It's important for the channel to remember that cloud isn't a place for their customers to get cheap servers and storage. It's "a place to turn ideas into software faster," Bartoletti said.
IT adoption follows an S-curve, with a slow ramp, an acceleration phase and then a plateau.
The cloud market essentially started only four years ago, when performance and security greatly improved, at which point just 10 percent of global companies had adopted Infrastructure-as-a-Service and Platform-as-a-Service, Bartoletti said.
It's now in the acceleration phase, with 33 percent adoption this year—a number likely to rise to 49 percent in 2017, he said.
Even Forrester has underestimated the cloud's market potential. The research firm had to upwardly revise its predictions for 2017, but now estimates a $32 billion spend. That number is expected to double by 2020 as hyper-growth continues, Bartoletti said.
Cloud spending is ramping twice as fast as the virtualization wave that preceded it, he added.
For the channel, that means opportunity for companies that appreciate their roles in aiding customers. But it's important for partners to understand their customers need help in making their migration decisions—not just in implementing migration plans—because they typically don't know what they need.
Apps should dictate that process, Bartoletti told NexGen Cloud attendees.
Partners should start customer engagements by evaluating app portfolios for behavior and suitability, focused on selecting the right paths to modernizing enterprise apps — whether its replacing them with Software-as-a-Service, rebuilding them from scratch, extending all or part of their functions into the cloud, or just "lifting-and-shifting."
Partners also need to make sure they have clearly figured out their provider model to understand the factors that will drive their success.
Some are squarely systems integrators, in which their differentiating capability will be the number of experts they can bring into their fold. For hosting providers, automation capabilities will drive success. And if they're cloud-first resellers, the differentiation will come from the customer experience they provide.
"It's hard to do all three of these at once," Bartoletti said, recommending that hosting and resale partners think about adding integration services to their model, because that's where the demand is in the market.
A significant challenge for channel integrators, especially in the midmarket, is finding skilled staff, he said.

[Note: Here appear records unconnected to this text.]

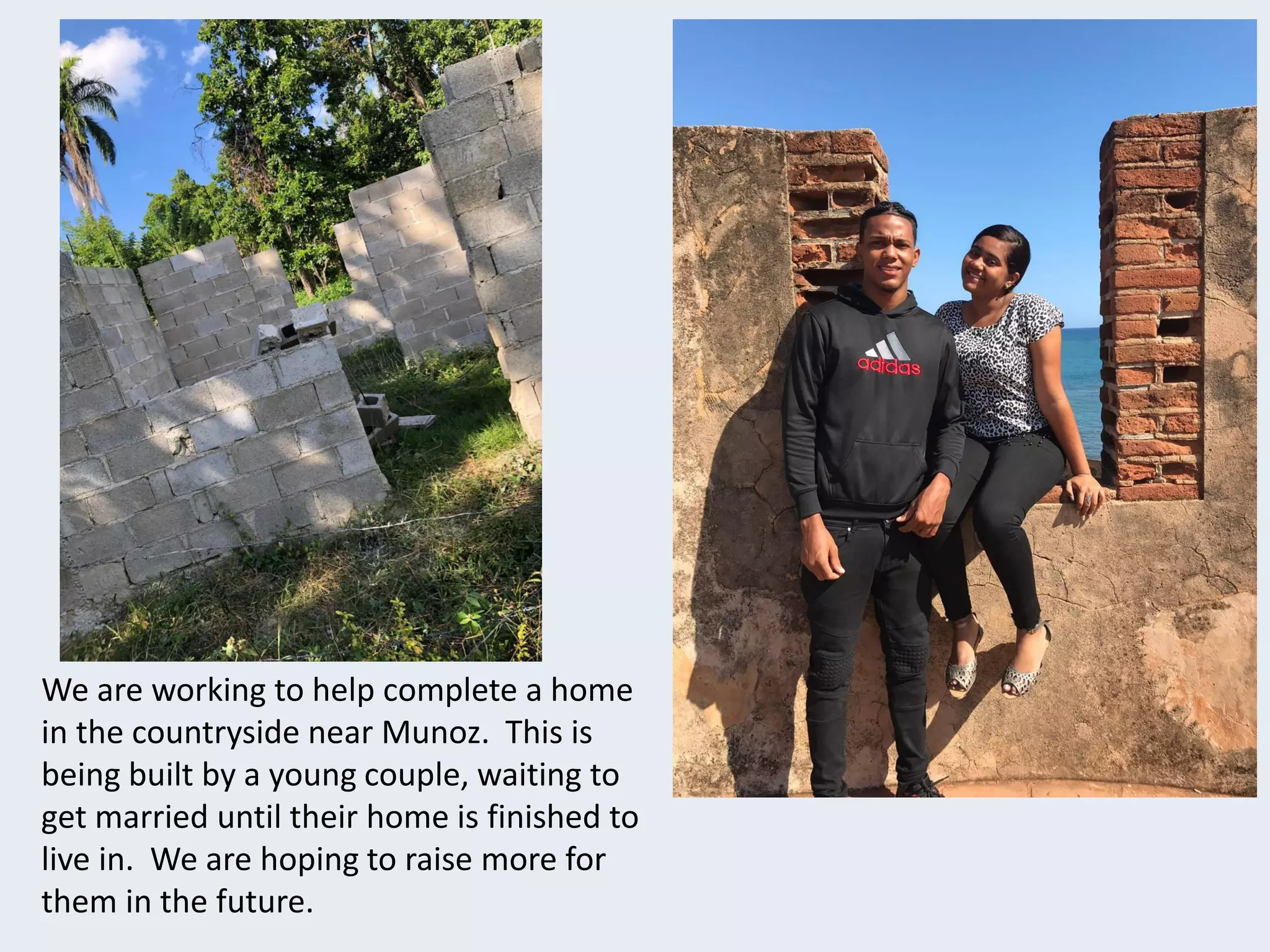 We are working to help complete a home
in the countryside near Munoz. This is
being built by a young couple, waiting to
get married until their home is finished to
live in. We are hoping to raise more for
them in the future.
 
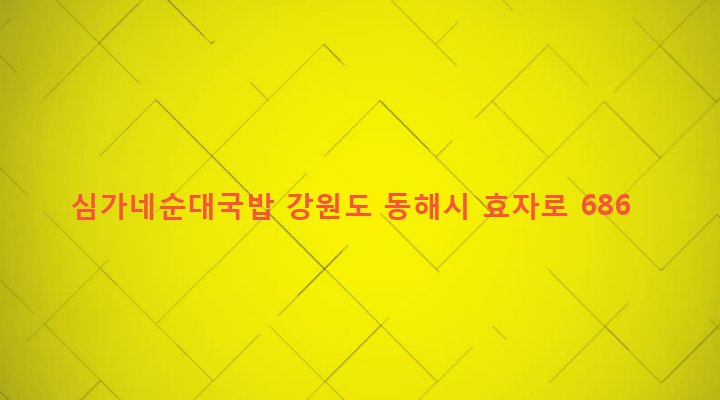 강원도 동해시 북삼동 92-7 심가네순대국밥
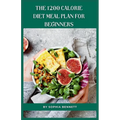 The 1200 Calorie Diet Meal Plan for Beginners: 30 Days of Delicious and Nutritious Recipes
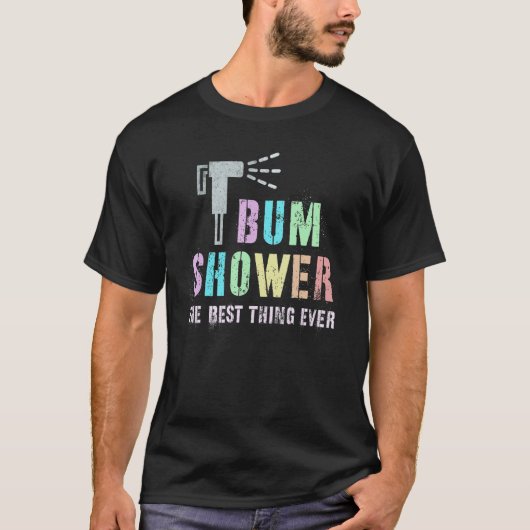 Funny BUM SHOWER Bidet Spray Water Best Cleaning T T-Shirt (Vorderseite)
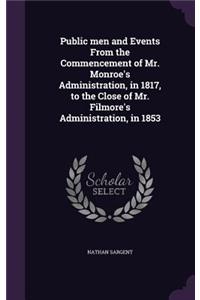 Public men and Events From the Commencement of Mr. Monroe's Administration, in 1817, to the Close of Mr. Filmore's Administration, in 1853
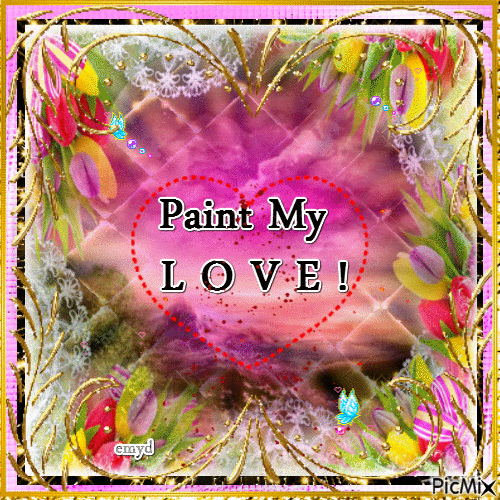 Paint my love - Бесплатный анимированный гифка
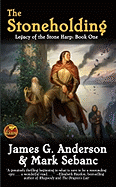 The Stoneholding: Legacy of the Stone Harp: Book One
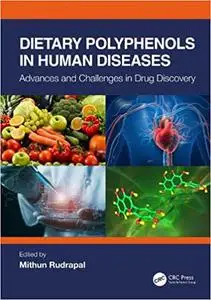 Dietary Polyphenols in Human Diseases: Advances and Challenges in Drug Discovery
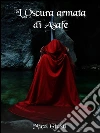 L'oscura armata di Asafe. E-book. Formato EPUB ebook di Micol Giusti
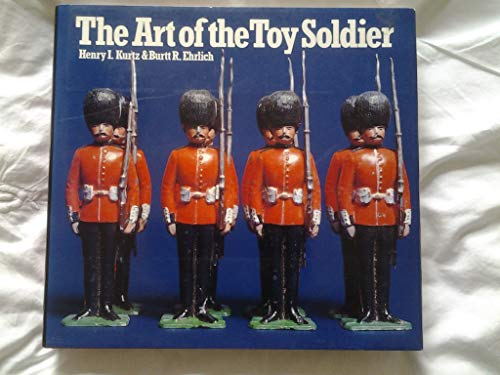 Stock image for The Art of the Toy Soldier. Two Centuries of Metal Toy Soldiers 1770-19170 for sale by The London Bookworm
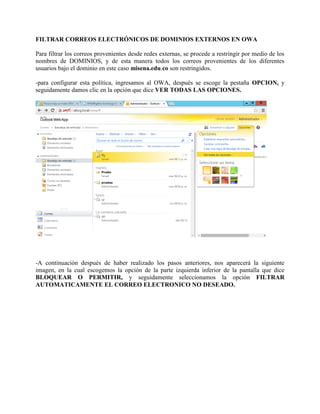 FILTRAR CORREOS ELECTRÓNICOS DE DOMINIOS EXTERNOS EN OWA Para filtrar los correos provenientes desde redes externas, se procede a restringir por medio de los nombres de DOMINIOS, y de esta manera todos los correos provenientes de los diferentes usuarios bajo el dominio en este caso misena.edu.co son restringidos. -para configurar esta política, ingresamos al OWA, después se escoge la pestaña OPCION, y seguidamente damos clic en la opción que dice VER TODAS LAS OPCIONES. -A continuación después de haber realizado los pasos anteriores, nos aparecerá la siguiente imagen, en la cual escogemos la opción de la parte izquierda inferior de la pantalla que dice BLOQUEAR O PERMITIR, y seguidamente seleccionamos la opción FILTRAR AUTOMATICAMENTE EL CORREO ELECTRONICO NO DESEADO.  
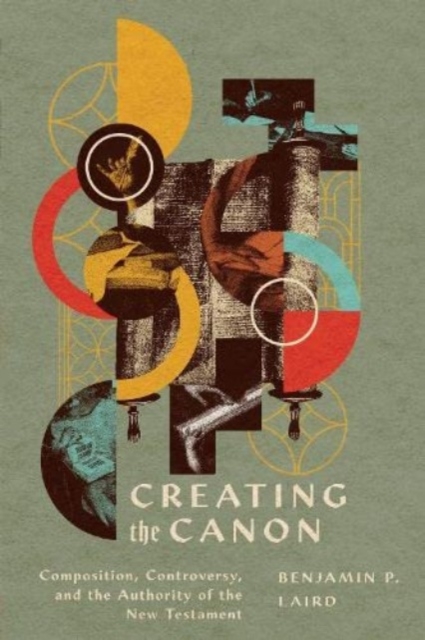 Creating the Canon : Composition, Controversy, and the Authority of the New Testament, Paperback / softback Book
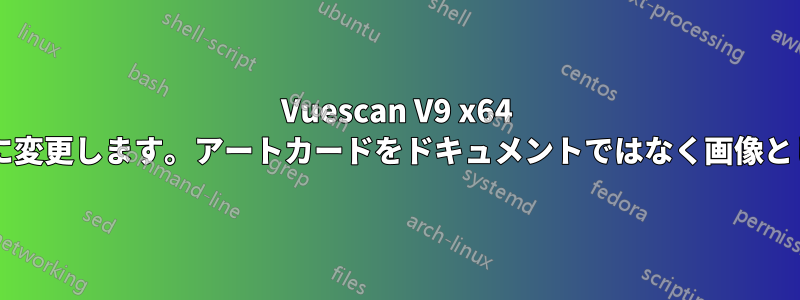 Vuescan V9 x64 クリーム色のアートカードの色を白に変更します。アートカードをドキュメントではなく画像として扱うにはどうすればよいですか?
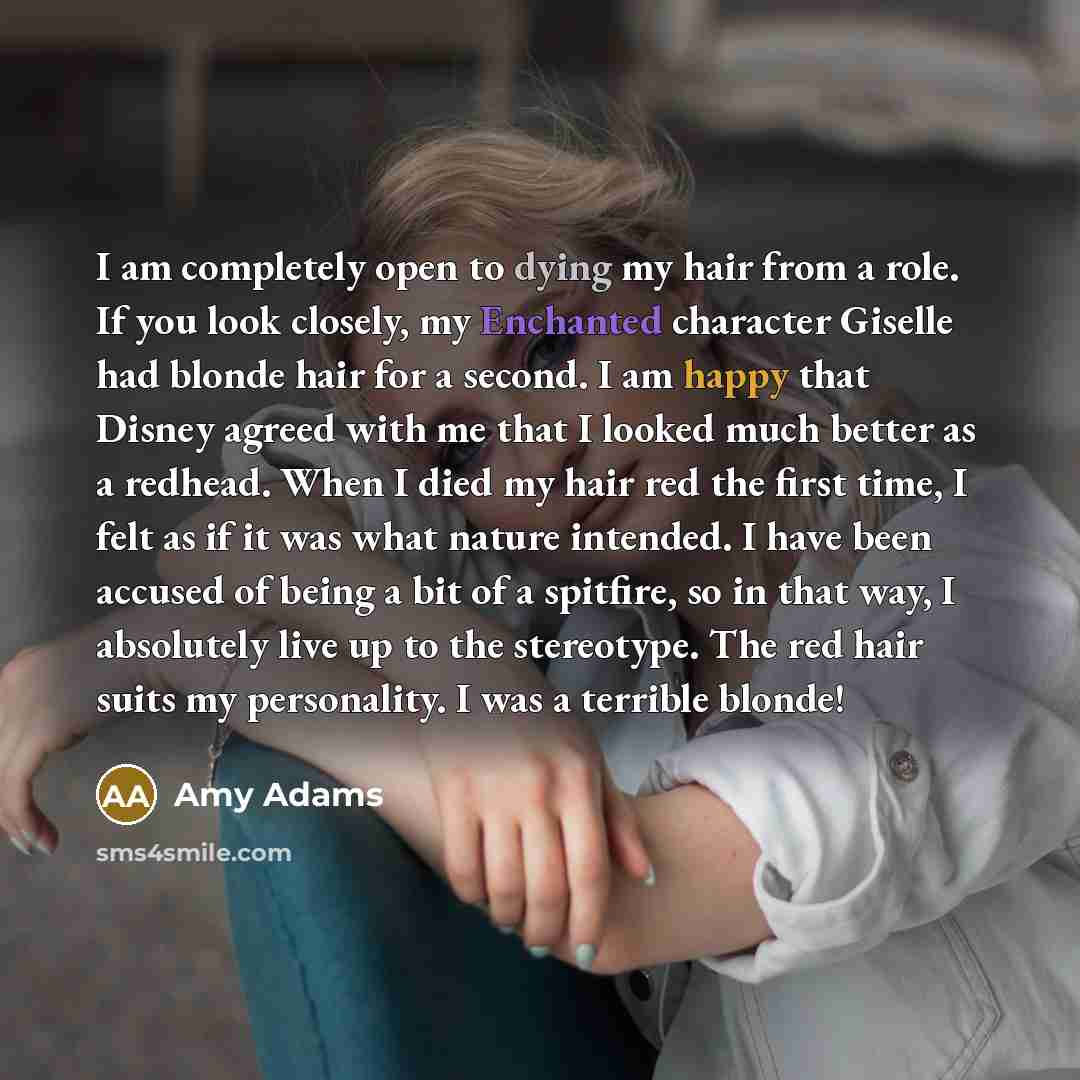 “I am completely open to dying my hair from a…” quote by Amy Adams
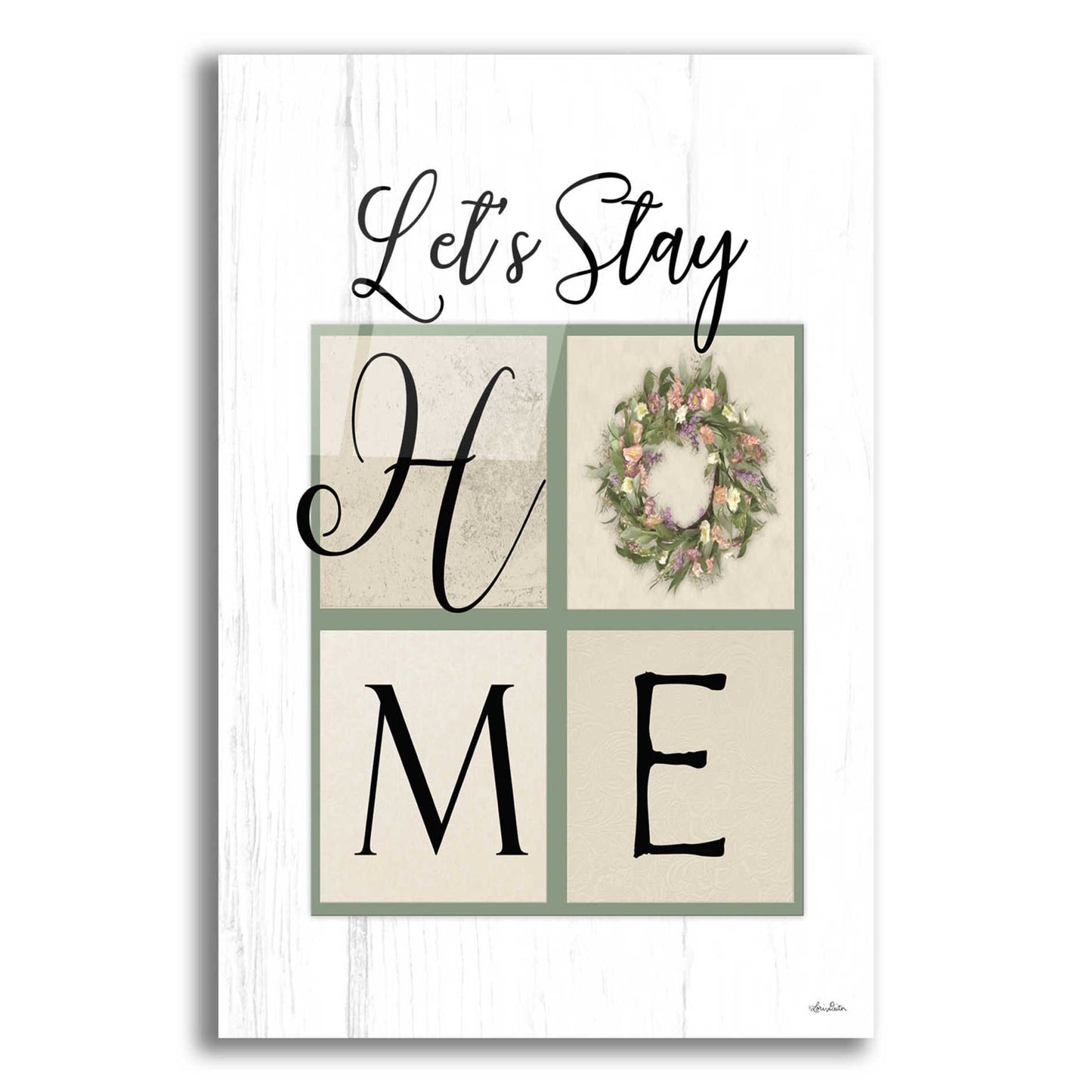 Epic Art 'Let's Stay Home' by Lori Deiter Acrylic Glass Wall Art,12x16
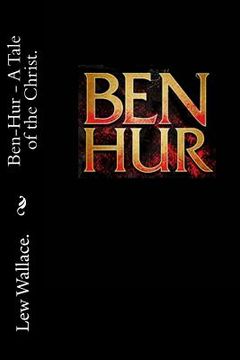 portada Ben Hur - A Tale of the Christ. (en Inglés)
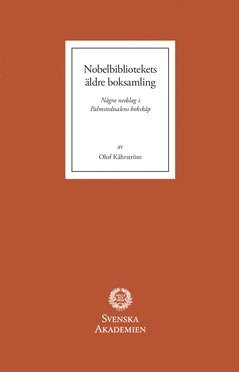 bokomslag Nobelbibliotekets äldre boksamling : några nedslag i Palmstedtsalens bokskåp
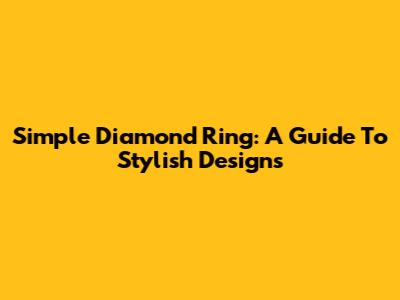 Simple Diamond Ring: A Guide To Stylish Designs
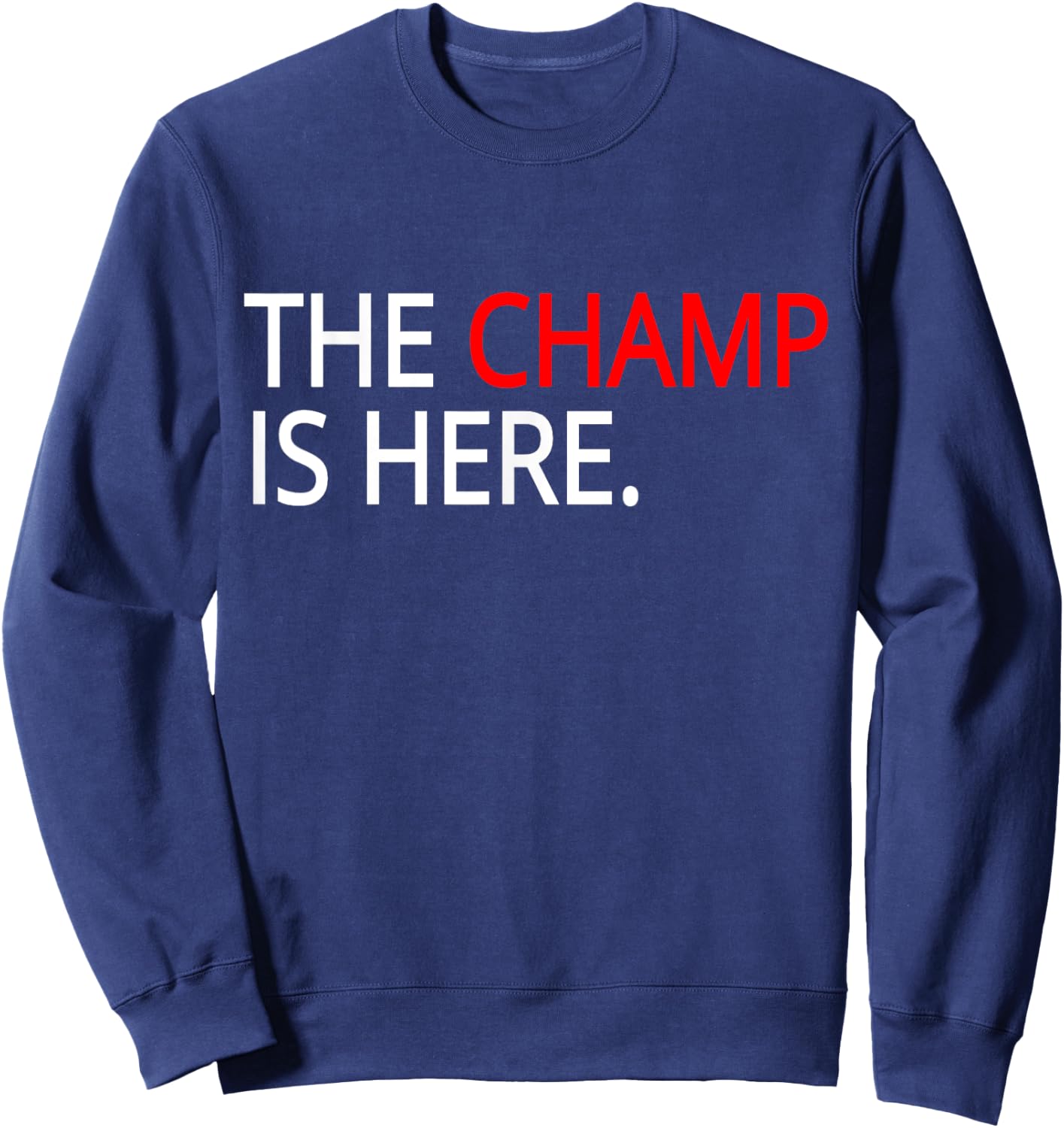 The champ is here - gym Sweatshirt - Sweatshirt | Navy
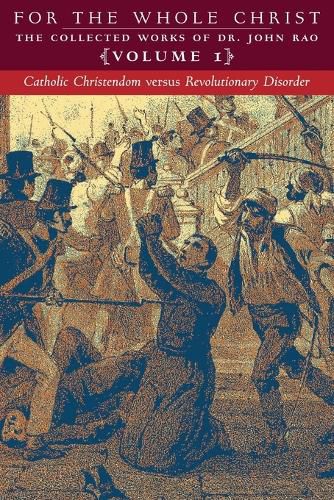 Cover image for Catholic Christendom versus Revolutionary Disorder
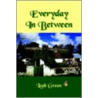 Everyday In Between door Leah Green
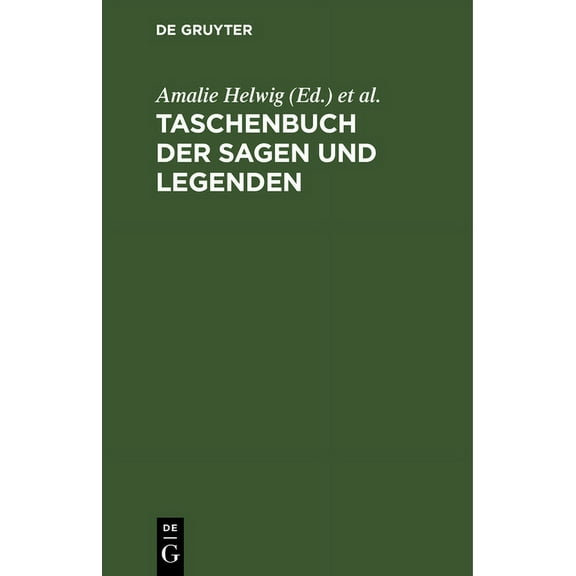 Taschenbuch der Sagen und Legenden, (Hardcover)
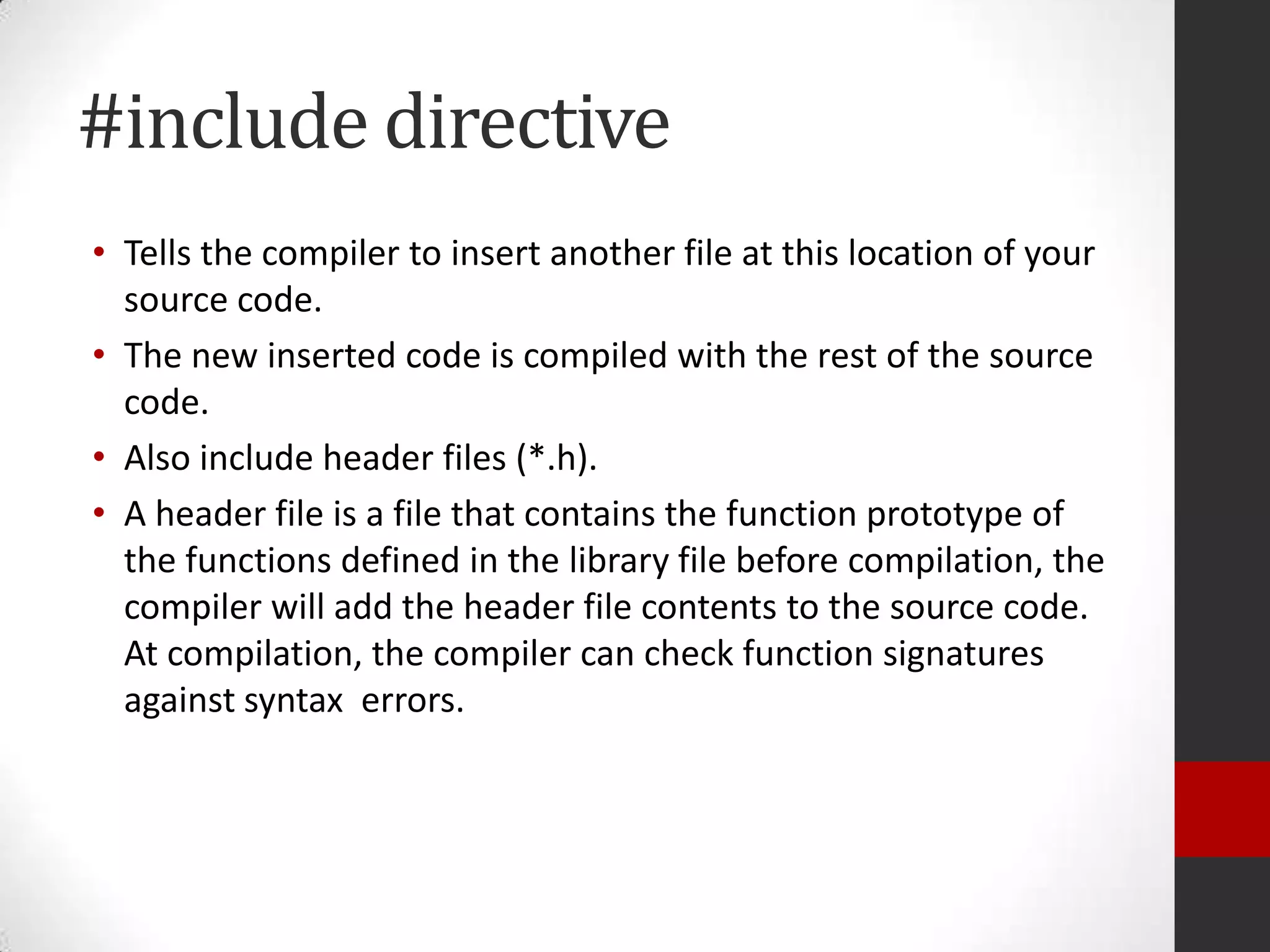 #include directive
• Tells the compiler to insert another file at this location of your
source code.
• The new inserted code is compiled with the rest of the source
code.
• Also include header files (*.h).
• A header file is a file that contains the function prototype of
the functions defined in the library file before compilation, the
compiler will add the header file contents to the source code.
At compilation, the compiler can check function signatures
against syntax errors.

In some hot markets, like the San Francisco Bay Area or New York, it's nearly impossible for solution providers to be competitive for experts in cutting-edge cloud technologies.
Many companies "can't go to the cloud because they can't hire anyone who can spell cloud because they're all working for Google," he said.
For Shonta Williams, CEO of Centricity, a solution provider based in Washington, D.C. that focuses on working with the federal government, Bartoletti's points on evaluating the application portfolio were particularly relevant to her practice.
"I'm interested in helping clients understand how to manage cloud best, because a lot of the challenges with the CIOs in the federal government is they don’t know which apps to move to the cloud, and they have trust issues from the security standpoint," Williams told CRN.
The federal government is still near the bottom of the adoption curve because of the highly regulated environment in which it functions, which adds to the challenges of migrating those customers, Williams said.
Bartoletti's discussion on the value of the channel in providing cost-monitoring services, as other IT services become less relevant in a cloud environment, also was insightful, she said.
Many federal clients get their budget numbers at the beginning of the year and need a cost-analysis from their consultants to help them predict spending, she said.